In [1]:
def first_digit(number):
    return int(str(number)[0])

That was exciting


In [2]:
first_digit(100)


Out[2]:
1

In [3]:
first_digit(399)


Out[3]:
3

Now, we're going to simulate picking numbers out of a hat, doing it 'runs' times. The bucket_size is the number of nubmer in the hat.


In [4]:
import random
def do_drawing(bucket_size, runs):
    digits = [first_digit(random.randint(1,bucket_size)) for x in range(runs)]
    return digits

Now, we'll pick a hundred times for all hat sizes from 1 to 9999


In [5]:
import collections
counters=[(top_end, collections.Counter(do_drawing(top_end, 100))) for top_end in range(1,10000)]

Now, we'll import the plotting stuff - I don't know why this warning appears for me.


In [6]:
import matplotlib.pyplot as plt

In [7]:
%matplotlib inline

Now, we'll grab and plot tuples of (number of items in hats, chance of pulling a number starting with 1) for all hat sizes


In [8]:
one_odds = [counter[1][1] for counter in counters]

In [9]:
plt.semilogx(range(len(counters)), one_odds)


Out[9]:
[<matplotlib.lines.Line2D at 0x106745470>]

And we'll do the same for numbers starting with 2


In [10]:
two_odds = [counter[1][2] for counter in counters]

In [11]:
plt.semilogx(range(len(counters)), two_odds)


Out[11]:
[<matplotlib.lines.Line2D at 0x106a37da0>]

And we'll plot them on top of each other.
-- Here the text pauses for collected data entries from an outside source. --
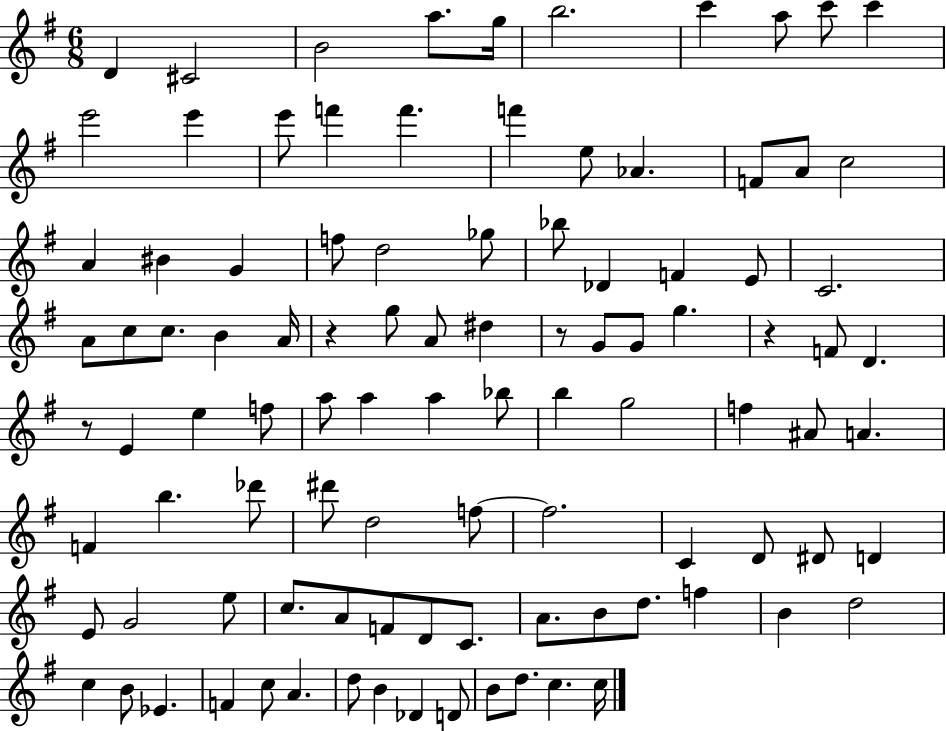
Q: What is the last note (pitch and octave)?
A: C5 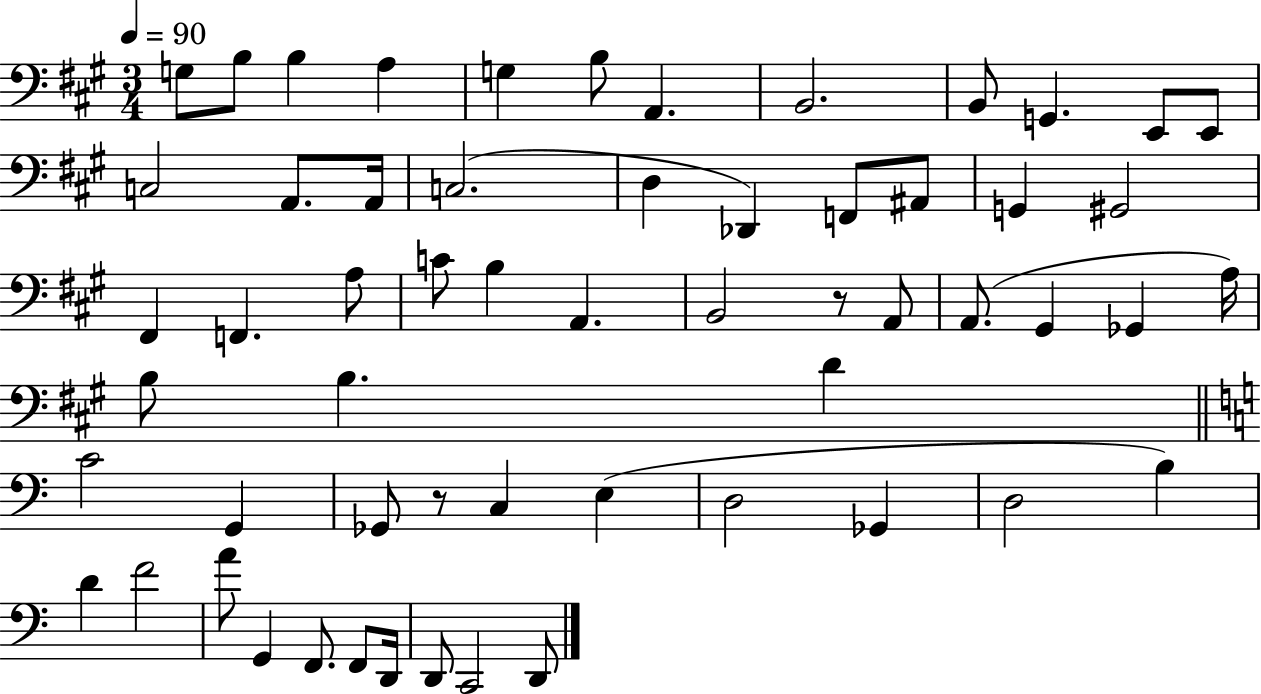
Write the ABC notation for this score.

X:1
T:Untitled
M:3/4
L:1/4
K:A
G,/2 B,/2 B, A, G, B,/2 A,, B,,2 B,,/2 G,, E,,/2 E,,/2 C,2 A,,/2 A,,/4 C,2 D, _D,, F,,/2 ^A,,/2 G,, ^G,,2 ^F,, F,, A,/2 C/2 B, A,, B,,2 z/2 A,,/2 A,,/2 ^G,, _G,, A,/4 B,/2 B, D C2 G,, _G,,/2 z/2 C, E, D,2 _G,, D,2 B, D F2 A/2 G,, F,,/2 F,,/2 D,,/4 D,,/2 C,,2 D,,/2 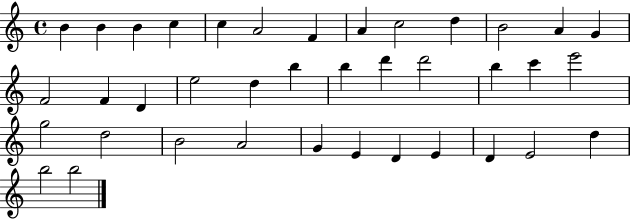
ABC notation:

X:1
T:Untitled
M:4/4
L:1/4
K:C
B B B c c A2 F A c2 d B2 A G F2 F D e2 d b b d' d'2 b c' e'2 g2 d2 B2 A2 G E D E D E2 d b2 b2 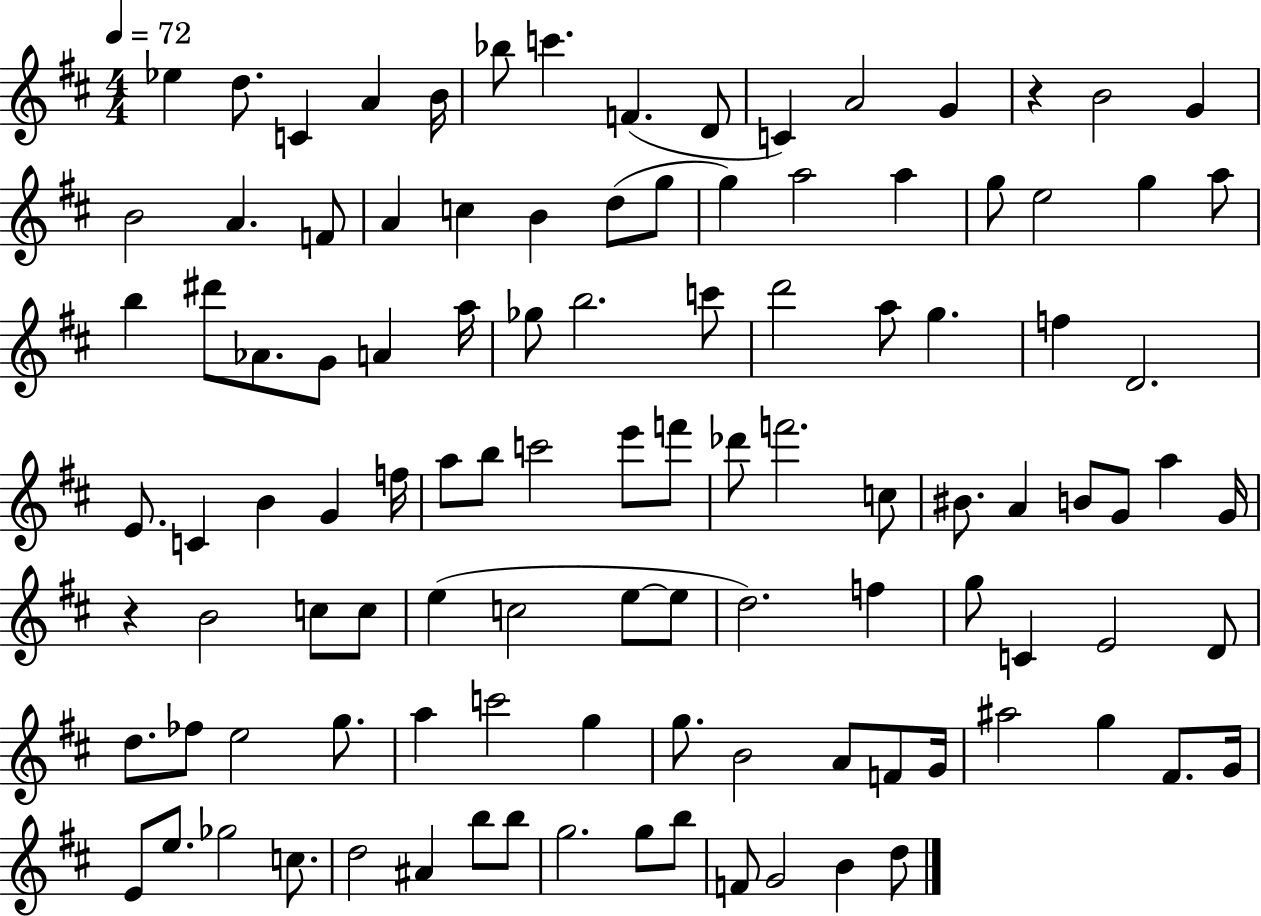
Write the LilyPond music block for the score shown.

{
  \clef treble
  \numericTimeSignature
  \time 4/4
  \key d \major
  \tempo 4 = 72
  \repeat volta 2 { ees''4 d''8. c'4 a'4 b'16 | bes''8 c'''4. f'4.( d'8 | c'4) a'2 g'4 | r4 b'2 g'4 | \break b'2 a'4. f'8 | a'4 c''4 b'4 d''8( g''8 | g''4) a''2 a''4 | g''8 e''2 g''4 a''8 | \break b''4 dis'''8 aes'8. g'8 a'4 a''16 | ges''8 b''2. c'''8 | d'''2 a''8 g''4. | f''4 d'2. | \break e'8. c'4 b'4 g'4 f''16 | a''8 b''8 c'''2 e'''8 f'''8 | des'''8 f'''2. c''8 | bis'8. a'4 b'8 g'8 a''4 g'16 | \break r4 b'2 c''8 c''8 | e''4( c''2 e''8~~ e''8 | d''2.) f''4 | g''8 c'4 e'2 d'8 | \break d''8. fes''8 e''2 g''8. | a''4 c'''2 g''4 | g''8. b'2 a'8 f'8 g'16 | ais''2 g''4 fis'8. g'16 | \break e'8 e''8. ges''2 c''8. | d''2 ais'4 b''8 b''8 | g''2. g''8 b''8 | f'8 g'2 b'4 d''8 | \break } \bar "|."
} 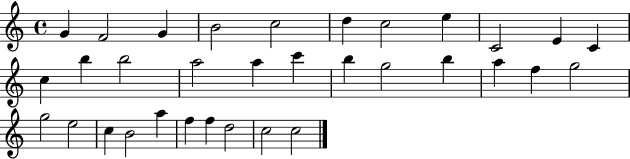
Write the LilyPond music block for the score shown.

{
  \clef treble
  \time 4/4
  \defaultTimeSignature
  \key c \major
  g'4 f'2 g'4 | b'2 c''2 | d''4 c''2 e''4 | c'2 e'4 c'4 | \break c''4 b''4 b''2 | a''2 a''4 c'''4 | b''4 g''2 b''4 | a''4 f''4 g''2 | \break g''2 e''2 | c''4 b'2 a''4 | f''4 f''4 d''2 | c''2 c''2 | \break \bar "|."
} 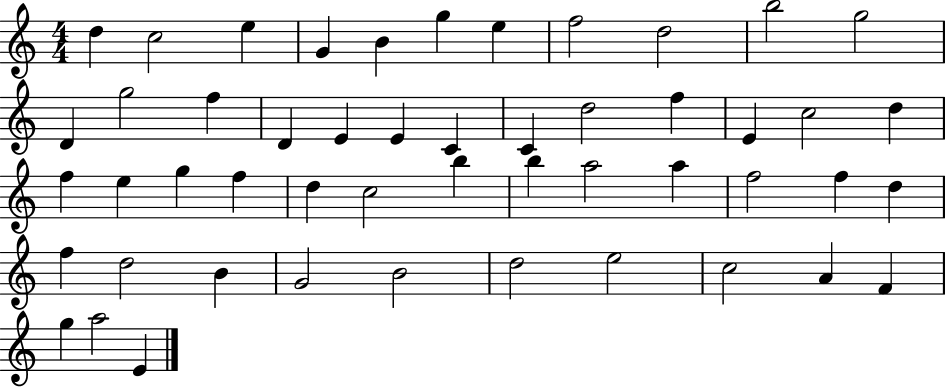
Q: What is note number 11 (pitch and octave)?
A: G5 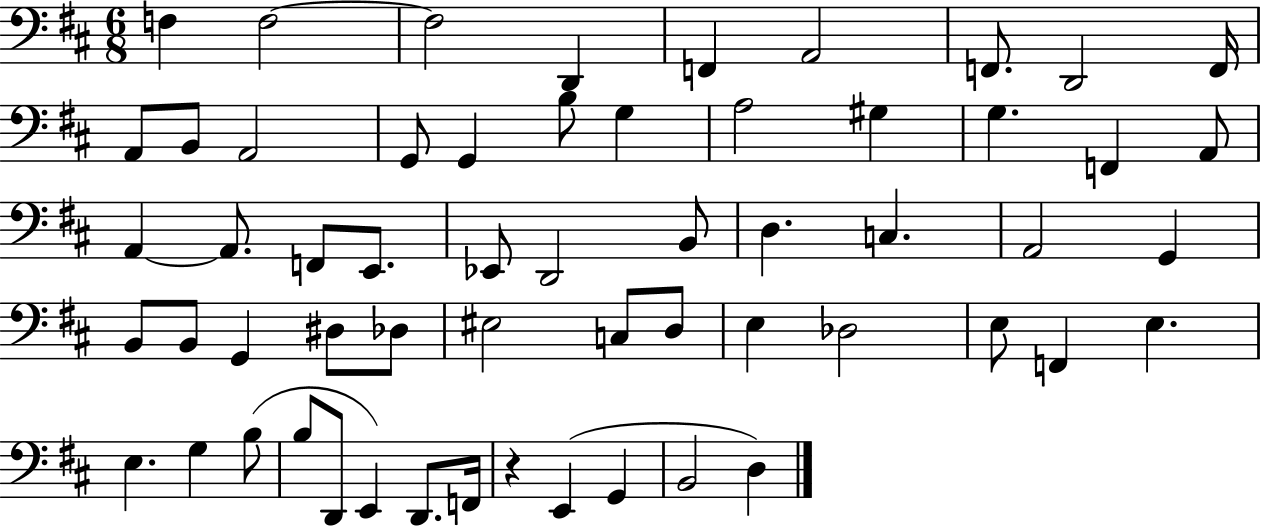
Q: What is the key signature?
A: D major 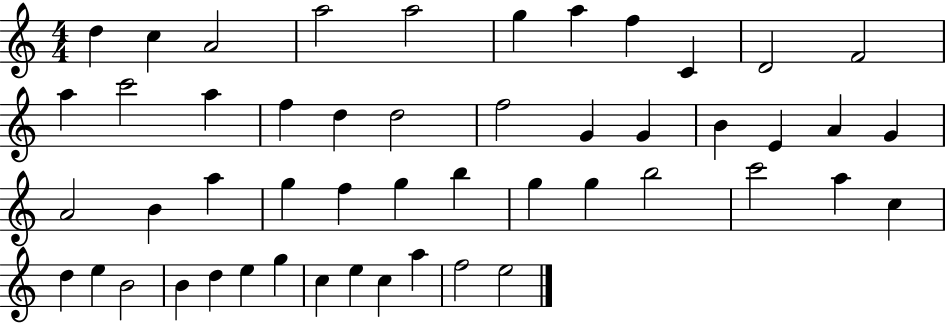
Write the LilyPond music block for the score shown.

{
  \clef treble
  \numericTimeSignature
  \time 4/4
  \key c \major
  d''4 c''4 a'2 | a''2 a''2 | g''4 a''4 f''4 c'4 | d'2 f'2 | \break a''4 c'''2 a''4 | f''4 d''4 d''2 | f''2 g'4 g'4 | b'4 e'4 a'4 g'4 | \break a'2 b'4 a''4 | g''4 f''4 g''4 b''4 | g''4 g''4 b''2 | c'''2 a''4 c''4 | \break d''4 e''4 b'2 | b'4 d''4 e''4 g''4 | c''4 e''4 c''4 a''4 | f''2 e''2 | \break \bar "|."
} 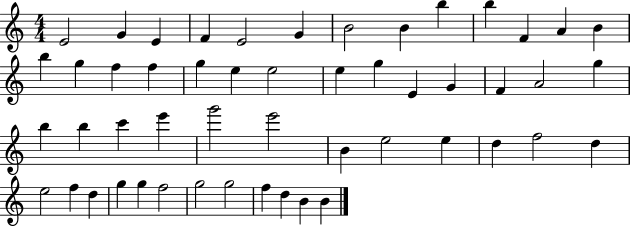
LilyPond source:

{
  \clef treble
  \numericTimeSignature
  \time 4/4
  \key c \major
  e'2 g'4 e'4 | f'4 e'2 g'4 | b'2 b'4 b''4 | b''4 f'4 a'4 b'4 | \break b''4 g''4 f''4 f''4 | g''4 e''4 e''2 | e''4 g''4 e'4 g'4 | f'4 a'2 g''4 | \break b''4 b''4 c'''4 e'''4 | g'''2 e'''2 | b'4 e''2 e''4 | d''4 f''2 d''4 | \break e''2 f''4 d''4 | g''4 g''4 f''2 | g''2 g''2 | f''4 d''4 b'4 b'4 | \break \bar "|."
} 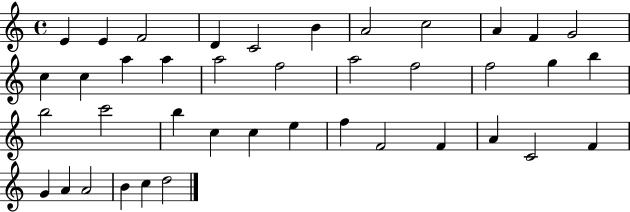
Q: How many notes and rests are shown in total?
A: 40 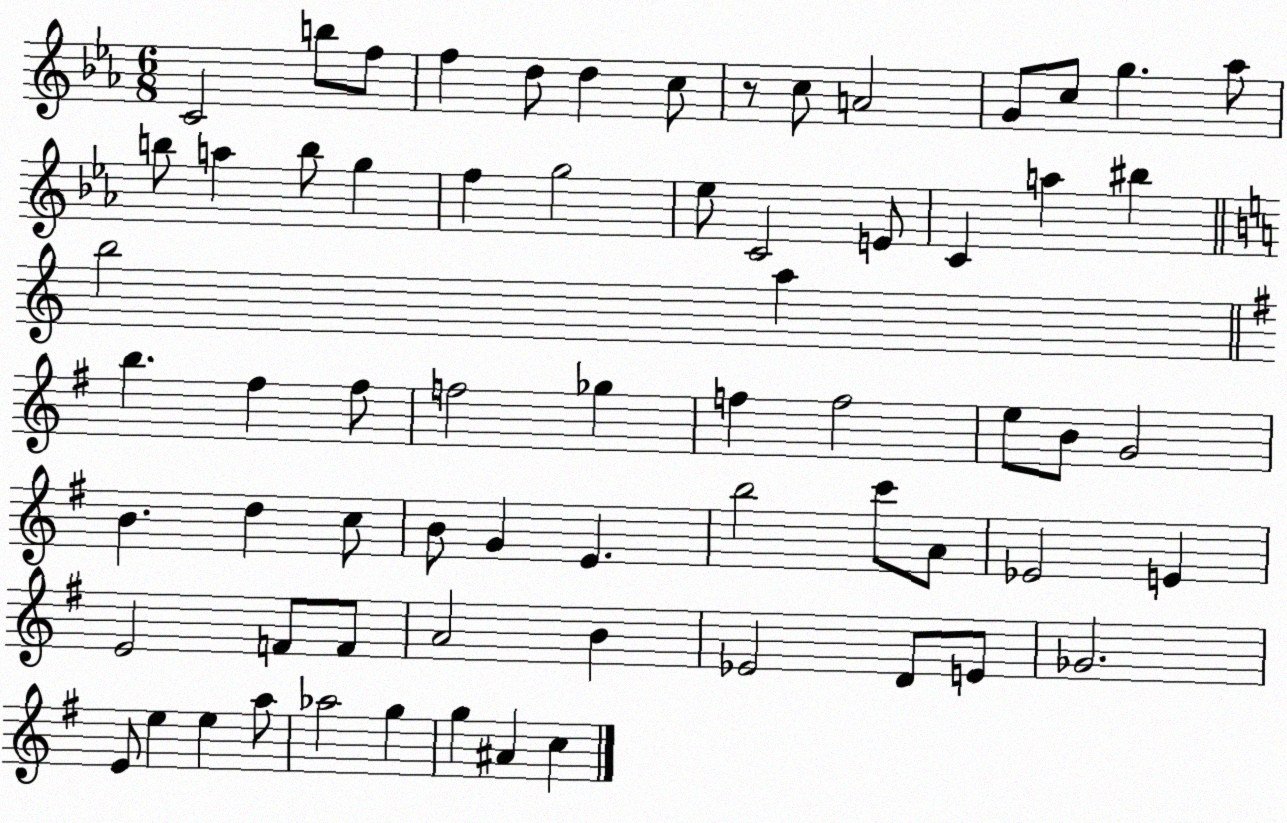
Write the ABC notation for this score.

X:1
T:Untitled
M:6/8
L:1/4
K:Eb
C2 b/2 f/2 f d/2 d c/2 z/2 c/2 A2 G/2 c/2 g _a/2 b/2 a b/2 g f g2 _e/2 C2 E/2 C a ^b b2 a b ^f ^f/2 f2 _g f f2 e/2 B/2 G2 B d c/2 B/2 G E b2 c'/2 A/2 _E2 E E2 F/2 F/2 A2 B _E2 D/2 E/2 _G2 E/2 e e a/2 _a2 g g ^A c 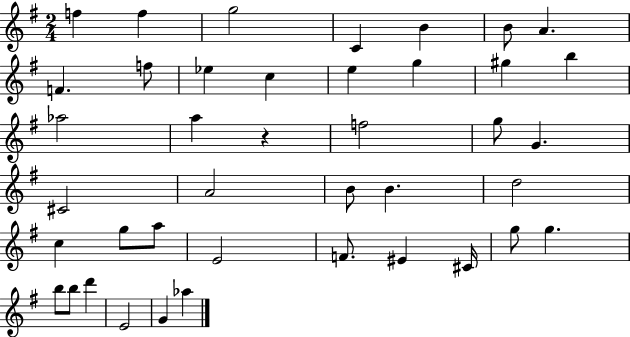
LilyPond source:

{
  \clef treble
  \numericTimeSignature
  \time 2/4
  \key g \major
  \repeat volta 2 { f''4 f''4 | g''2 | c'4 b'4 | b'8 a'4. | \break f'4. f''8 | ees''4 c''4 | e''4 g''4 | gis''4 b''4 | \break aes''2 | a''4 r4 | f''2 | g''8 g'4. | \break cis'2 | a'2 | b'8 b'4. | d''2 | \break c''4 g''8 a''8 | e'2 | f'8. eis'4 cis'16 | g''8 g''4. | \break b''8 b''8 d'''4 | e'2 | g'4 aes''4 | } \bar "|."
} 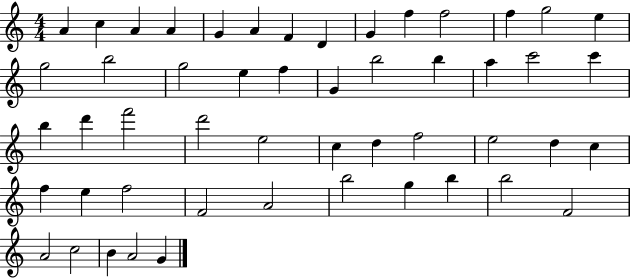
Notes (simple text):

A4/q C5/q A4/q A4/q G4/q A4/q F4/q D4/q G4/q F5/q F5/h F5/q G5/h E5/q G5/h B5/h G5/h E5/q F5/q G4/q B5/h B5/q A5/q C6/h C6/q B5/q D6/q F6/h D6/h E5/h C5/q D5/q F5/h E5/h D5/q C5/q F5/q E5/q F5/h F4/h A4/h B5/h G5/q B5/q B5/h F4/h A4/h C5/h B4/q A4/h G4/q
You'll see the stochastic approach shows expected results according to


In [12]:
plt.semilogx(range(len(counters)), one_odds, 'b', range(len(counters)), two_odds, 'r')


Out[12]:
[<matplotlib.lines.Line2D at 0x107107a90>,
 <matplotlib.lines.Line2D at 0x10717f2b0>]

We start to see experimental confirmation of the Benford's law distribution graph. The rest is an excercise for the reader/contributor ;)